Lustre directory locking
@dinatale2 mentioned there may be some issues with directory locking / lock thrashing. Hopefully he can provide more details.
So I'm envisioning a case where some of the mpifileutils tools that break down files into chunks may compete for at least the parent directory lock. This wouldn't be a problem if it's only a handful (say 100s of tasks) attempting to open a file, but imagine if a set of extremely large files with 1000s of ranks attempting to open a single file. That might be a lot of contention.
Not sure if it's a problem or not, but figured I'd throw this out there if it turns out to be a concern. If it is a problem, we could easily randomize the order in which a rank writes chunks potentially.
@dinatale2 @gonsie @adammoody Hmm.. I believe that was exactly the issue we were seeing with lustre in dcp1 for very large files.

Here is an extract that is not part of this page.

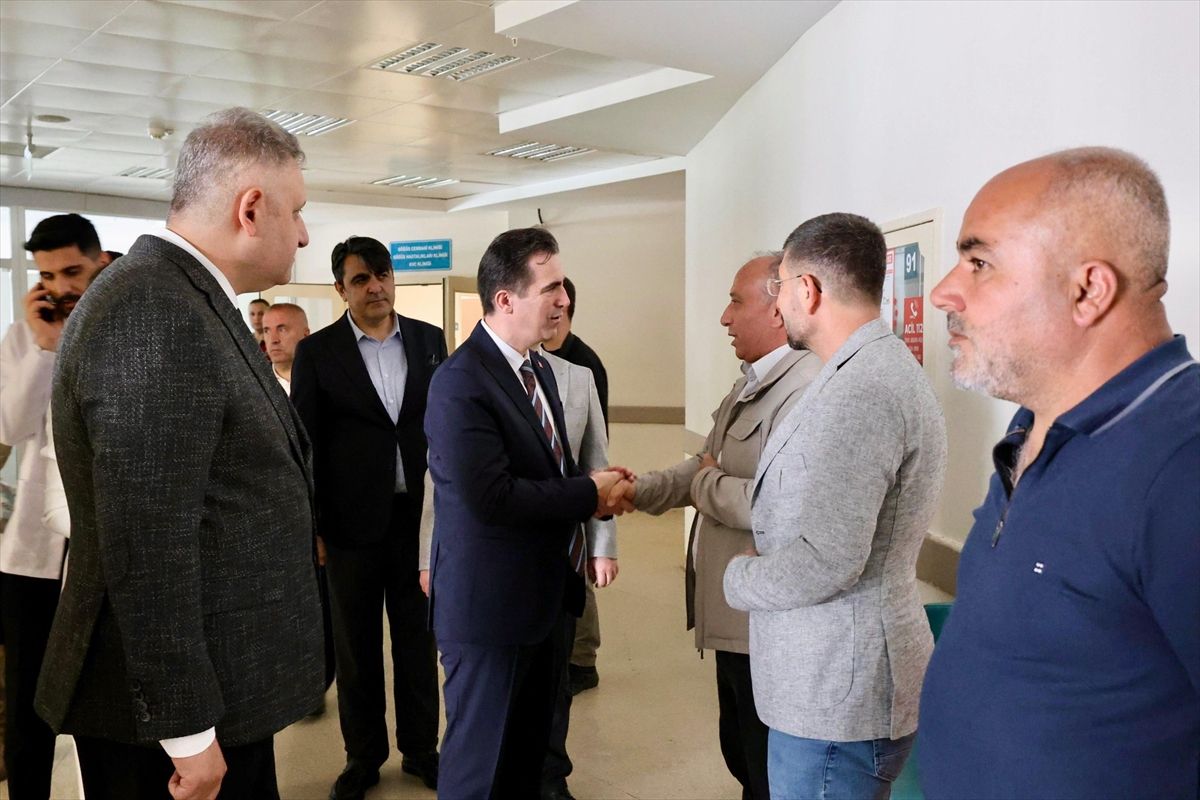 Vali Karakaya'dan şehit ailelerine bayram ziyareti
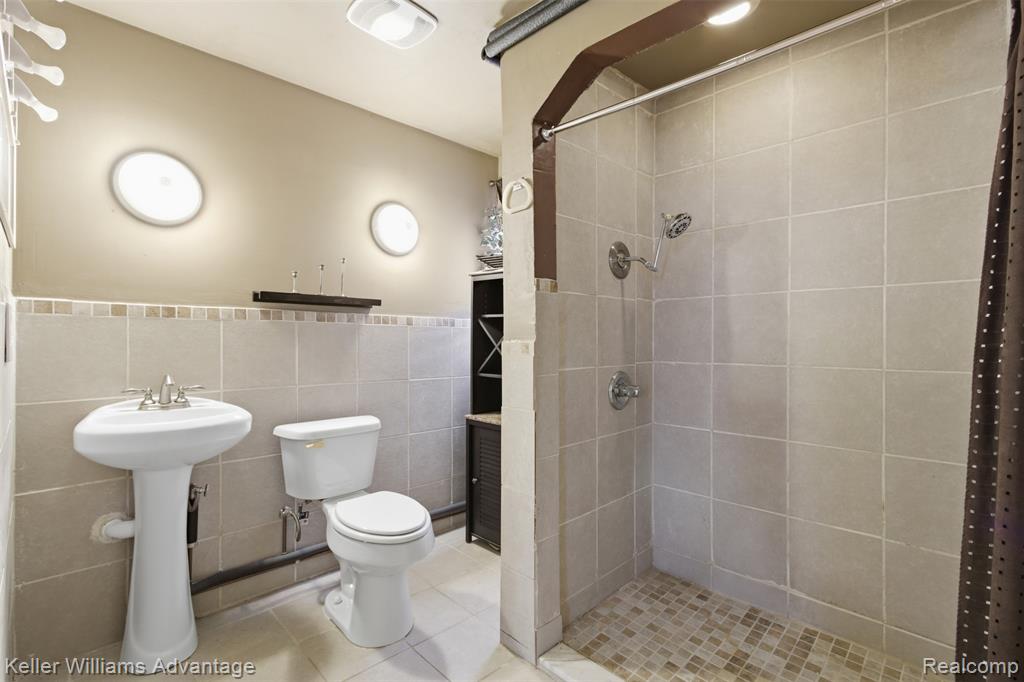 10388 Cedarlawn Street, Detroit, MI 48204 — Photo 6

This (I believe should be resolved) in dcp. dcp fixed this issue by having multiple file chunks (from the same file) moved to the same process.
Or, I should say each file has a "process owner" and keeps track of where its file chunks are. @adammoody can correct me if I'm wrong.
@dsikich I'll dig thru the code when I have a few minutes to see what I can glean.
@dinatale2 great, sounds good.
@dinatale2 any idea if this was resolved?
The topic of this issue is a bit confusing. It mentions "directory locking", but then discusses thousands of ranks opening the same file? As long as they are not opening the file with O_CREAT they shouldn't cause contention. That said, there are probably diminishing returns from having so many ranks opening a single file, so there should probably be some empirical limit put on how many ranks are used to copy a single file.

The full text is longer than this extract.